I noticed he took a keen interest in birdsong, and with an almost obsessive frequency, I began playing him a recording of calls from a hundred different species...
One day, in the woods surrounding our small mountain house, my five-year-old son—imitating the narrator's voice with perfect precision—identified a bird and announced solemnly: "It's a woodlouse!"
I do not have the gift of faith, but I must acknowledge that in his melodies I seem to discover something very close to "grace"—understood as virtue and beauty, but also as an expression, through prayer, of gratitude...
In August 1963, two months after Hikari's birth, I went to Hiroshima to write an article on the World Conference Against Atomic Bombs. As I recall, I was driven by an urgent sense that if I did not step back to gain perspective, my son's condition would crush me...
When Hikari was born, I believe I was in the midst of my youthful identity crisis—or perhaps at its peak. The birth of a brain-damaged child fell like a bomb into the center of that crisis. It was through that pain that I found my equilibrium again...
It takes a certain courage to admit that there are moments when someone in my family cannot control anger toward Hikari—and I speak above all of myself...
I have no doubt that the instinct to raise children is innate to human beings.
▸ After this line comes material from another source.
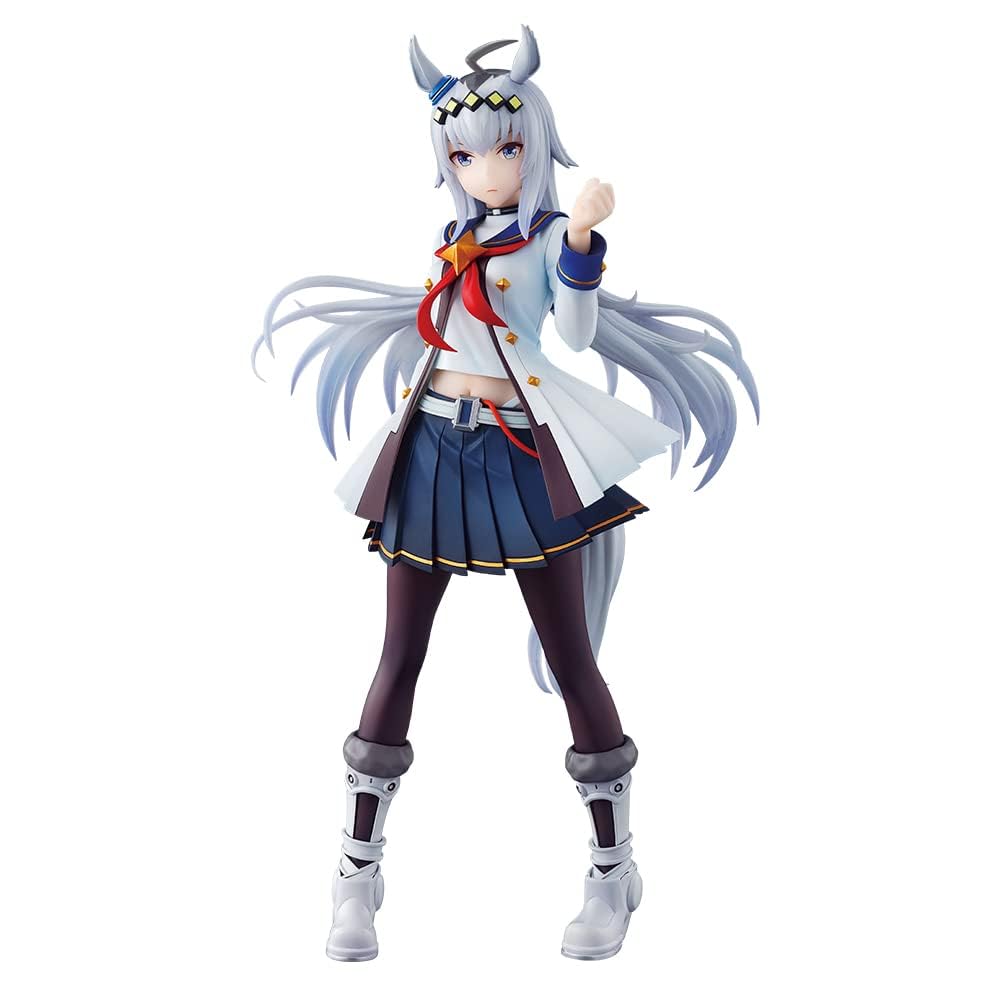 Amazon | 一番くじ ウマ娘 プリティーダービー 3弾 A賞 オグリキャップ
But I believe there is something equally instinctive in a fit of rage triggered by a child crying at night...
When I see my wife's unwavering devotion to this different son, I am moved to my core. Since he was born, she has embodied true patience...
I understand compassion as the spontaneous yet deliberate capacity to perceive what lives in the heart of the person before us...
My son, especially as a small child, never managed to express a desire—not even the simplest kind. For this reason, I feel immense and profound gratitude toward my wife, who with spontaneous compassion and imagination discovered the deep need for music that dwelt in Hikari's heart...
And toward those who helped us bring to light what was locked away in Hikari's spirit, I feel profound gratitude every day...
As Hikari grew, my wife and I often said to each other: We have no choice. We do what we can. People with disabilities themselves, who generally bear suffering and hardship without complaint, probably face their lives of infirmity saying the same thing...
There was a period when Hikari often disobeyed or used his size to tyrannize his sister and brother. But when he rejects violently the person he loves most in the world—his sister—he does so because he is overwhelmed, body and soul, by a profound anguish he cannot control. Then, when he comes to himself, he spends the rest of the day staring at the ground, crushed by shame at his own behavior. The whole family, and his victim first of all, rushes to comfort him...
When my mother-in-law spoke with Hikari, she showed particular gentleness, and their relationship functioned almost as an axis around which the whole family revolved...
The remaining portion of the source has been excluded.